This EEG study followed earlier work showing that monkeys could not learn to tap in synchrony with an auditory (or a visual) metronome, a task which is trivially easy for humans, even for those with no musical training (Zarco et al., 2009). This was the first study to train monkeys (or for that matter, any animal) to move in synchrony with a metronome, a task that has been extensively studied in human cognitive science (Repp and Su, 2013).

The study produced several surprising results. While the monkeys could successfully listen to two metronome clicks and then reproduce the same interval by tapping twice on a key, they had great difficulty learning to tap in synchrony with a metronome of several beats.

Specifically, each monkey took over a year of training to learn the metronome task, and when tested, their taps were always a few 100 ms after each metronome click rather than aligned with it. This is quite unlike humans: when humans are asked to tap with a metronome, they spontaneously align their taps closely in time with metronome clicks (i.e., within a few tens of ms).

This human tendency for “phase alignment” between taps and beats indicates that humans accurately predict the timing of upcoming beats. In contrast, monkey rhythmic tapping did not show this sort of predictive behavior. To be sure, the monkeys did show shorter tapping latencies to metronomic vs. irregularly-timed clicks, suggesting they had some predictive capacities.

Furthermore, monkey and human tapping to a metronome both showed the scalar property of temporal processing, whereby temporal variability between taps scaled with interval duration. What was striking, however, was the lack of phase alignment between taps and metronome events in monkeys.

This inability to accurately align movement with discrete, periodic events is particularly surprising given that monkey motor cortex can represent time-to-contact in a predictive manner when doing an interception task involving a continuously-moving visual object (Merchant et al., 2004; Merchant and Georgopoulos, 2006).

Recently, based on the results of Zarco et al. (2009) and subsequent studies, including studies which characterize the neurophysiological properties of cells in medial premotor areas and the putamen during synchronization-continuation tapping tasks (e.g., Merchant et al., 2011, 2013a,b; Bartolo et al., 2014), Merchant and Honing (2014) have proposed that monkeys and humans share neural mechanisms for interval-based timing (i.e., timing of single intervals), but may differ in the mechanisms involved in beat-based timing.

The above research with humans (showing extensive activation of the motor system in pure beat perception) and with monkeys (suggesting that they may lack human-like beat perception) suggests that entrainment of auditory cortical activity to external rhythms is not a sufficient explanation of beat perception.

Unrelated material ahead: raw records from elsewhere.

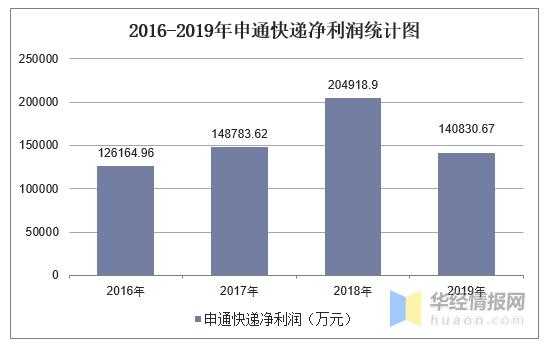 申通快递中层收入（申通快递内部职级）-图2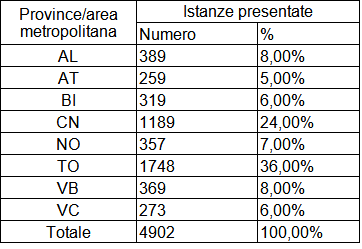 Tabella 3. Superfici percorse dal taglio per Provincia/Città Metropolitana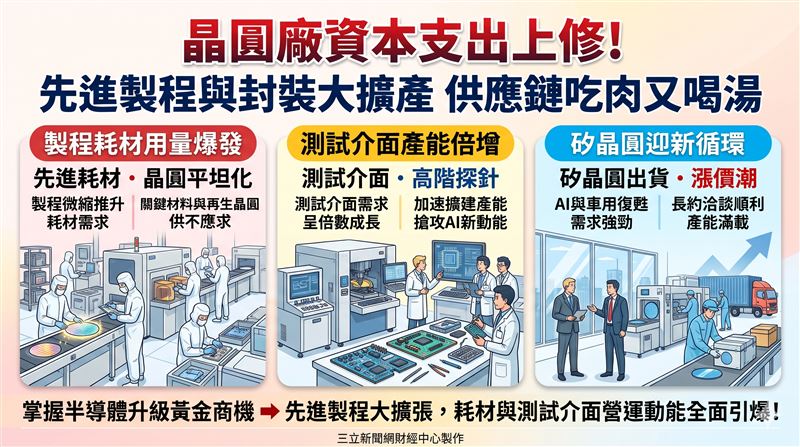 晶圓大廠資本支出上修與製程微縮推升耗材需求,本土法人點名中砂、昇陽半、精測、旺矽、穎崴及環球晶等供應鏈受惠。(AI製圖)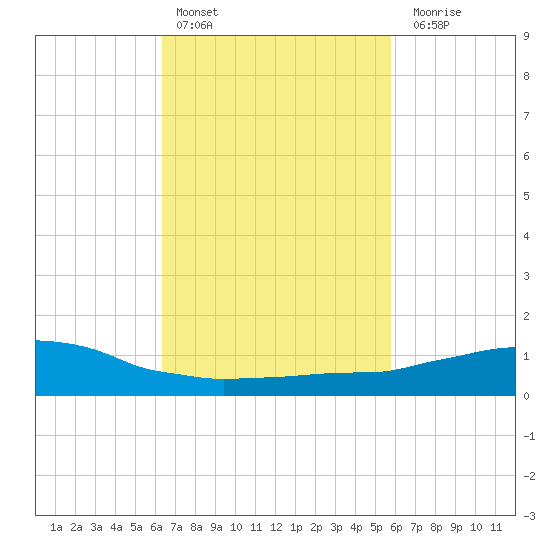 Weeks Bay tide chart for Sunday, February 25, 2024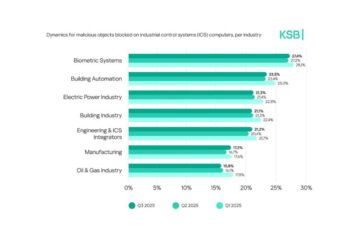 أبرز التوقعات والاتجاهات الأمنية لعام 2026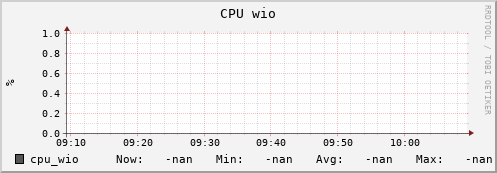 hake6.mgmt.grid.surfsara.nl cpu_wio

Here we advance a view of musical beat perception which can account for auditory-motor interactions in pure perception of a beat, and which can also account for species-restrictedness in the capacity for beat perception. In terms of auditory-motor interactions, we argue that musical beat perception (even in the absence of overt movement) relies on a simulation of periodic action in motor planning regions of the brain, and on bidirectional signaling between these regions and auditory regions. In terms of species-restrictedness, we suggest that only some species may have the requisite neural connections to support these specific auditory-motor interactions.

The paper is organized into three sections. The first section discusses some key aspects of musical beat perception, including the predictive and flexible nature of beat perception. The second section focuses on the brain’s ability to predict the timing of beats, introduces the “action simulation for auditory prediction” (ASAP) hypothesis, and discusses three testable predictions made by this hypothesis.

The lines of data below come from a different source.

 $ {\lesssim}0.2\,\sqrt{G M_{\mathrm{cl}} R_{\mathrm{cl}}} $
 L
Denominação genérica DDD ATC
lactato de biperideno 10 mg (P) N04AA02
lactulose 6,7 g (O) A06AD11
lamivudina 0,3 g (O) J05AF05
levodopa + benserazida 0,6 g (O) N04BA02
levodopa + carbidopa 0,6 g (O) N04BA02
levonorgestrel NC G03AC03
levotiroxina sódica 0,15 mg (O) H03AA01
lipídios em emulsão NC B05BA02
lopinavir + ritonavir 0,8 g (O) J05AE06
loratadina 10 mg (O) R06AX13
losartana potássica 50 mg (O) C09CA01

The third section discusses possible neural substrates for auditory-motor interactions in beat perception, and suggests why the relevant neural pathways may be restricted to certain species. It should be emphasized at the outset that the ASAP hypothesis and the species-restrictedness of beat perception are conceptually distinct ideas.

That is, the ASAP hypothesis does not require the assumption that beat perception is species-restricted, although this paper links these ideas together. It is also worth noting that the ASAP hypothesis, while involving the idea of motor simulation, does not involve the mirror neuron system (a point further discussed in the section on possible neural substrates).

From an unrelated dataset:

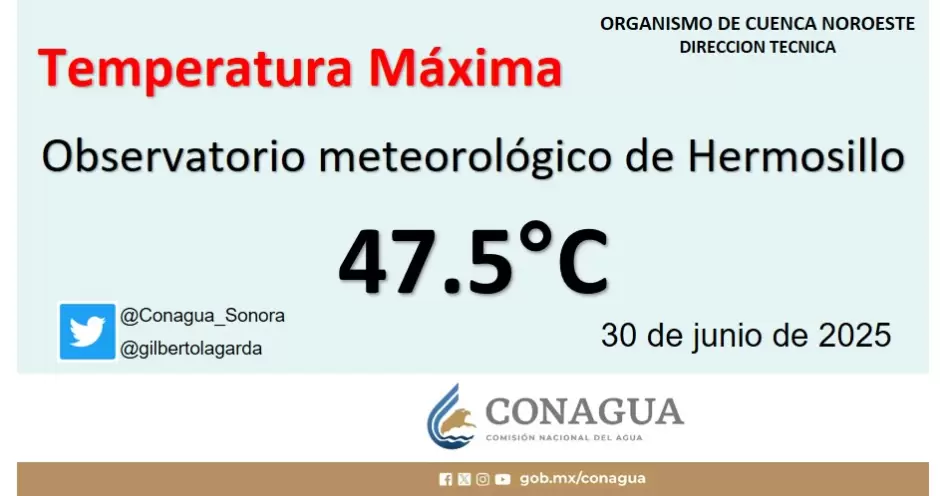 Temperatura mxima Hermosillo.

Some key aspects of human musical beat perception
Beat perception is predictive

Musical beat perception involves perceiving a periodic pulse in spectotemporally complex sound sequences. Listeners often express their perception of the pulse by moving rhythmically in synchrony with the pulse, e.g., via head bobbing, foot tapping, or dance. (Informally, the beat is what we tap our foot to when listening to music.

In the laboratory, this rhythmic response to music can easily be studied by asking people to tap a finger to the perceived beat, e.g., Iversen and Patel, 2008). The manner in which people synchronize to the beat reveals that musical beat perception is a predictive process. Specifically, taps fall very close to beats in time (i.e., within a few tens of ms of beats) showing that the brain makes highly accurate temporal predictions about the timing of upcoming beats (Rankin et al., 2009; for further evidence of the anticipatory nature of movement to a beat see Van der Steen and Keller, 2013).

Accurate temporal prediction of beat times has consequences for perception even in the absence of movement. Several studies have shown facilitated perceptual processing of auditory events which occur on (vs. off) the beat (Escoffier et al., 2010; Geiser et al., 2012). This body of findings is consistent with Jones’s “Dynamic Attending Theory” (Jones and Boltz, 1989), which posits an increase of “attentional energy” at expected times of the beat and focuses perceptual processing resources on those times.

This temporal facilitation even extends to the processing of non-auditory events. For example, (Escoffier et al., 2010) showed facilitation of visual image processing when images occurred on (vs. off) the beat of an accompanying auditory pattern. More generally, it appears that the prediction of auditory beats has broader cognitive consequences, including facilitating the learning and recall of strongly beat-inducing rhythmic patterns (Povel and Essens, 1985).

Beat perception is flexible across a wide range of tempi

Humans can perceive musical beats across a wide range of tempi. We perceive beats in a range of about 250 ms–2 s, though intervals between about 400 and 1200 ms give rise to the strongest sense of beat, and humans show a preference for beat periods around 600 ms (London, 2012).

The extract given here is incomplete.